With the advent of incredibly high throughput storage like SSD, NVME, and NVDIMM and incredibly low latency networking fabrics like RDMA, these simple SMB servers with simple user workloads morphed into Scale-out File Servers, where applications like SQL and Hyper-V want to use them as Scale-as part of a Software-defined Storage fabric that required near-perfect work resiliency and durability. That also meant that we needed to stop using caches and start requiring data to commit to the disk, not memory, for safety.

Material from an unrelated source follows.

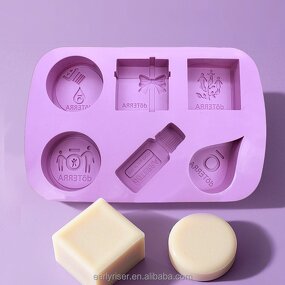 Silicone Mold Factory - OEM 6-Cavity Mold for Soap Chocolate Cake Making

I know what you’re thinking right now: “Doggone software devs, playing games with my data.” Well, disks have buffers too! SCSI and modern SATA drives implement “Force Unit Access” (FUA), which guarantees when an IO is marked for write-through it will land on true stable storage and not the disk’s own caches, which are legion in the constant battle of IOPS brochures between hardware makers. Basically, if your drive gets told “you better write this IO and don’t reply until it’s really written for realsies,” it will.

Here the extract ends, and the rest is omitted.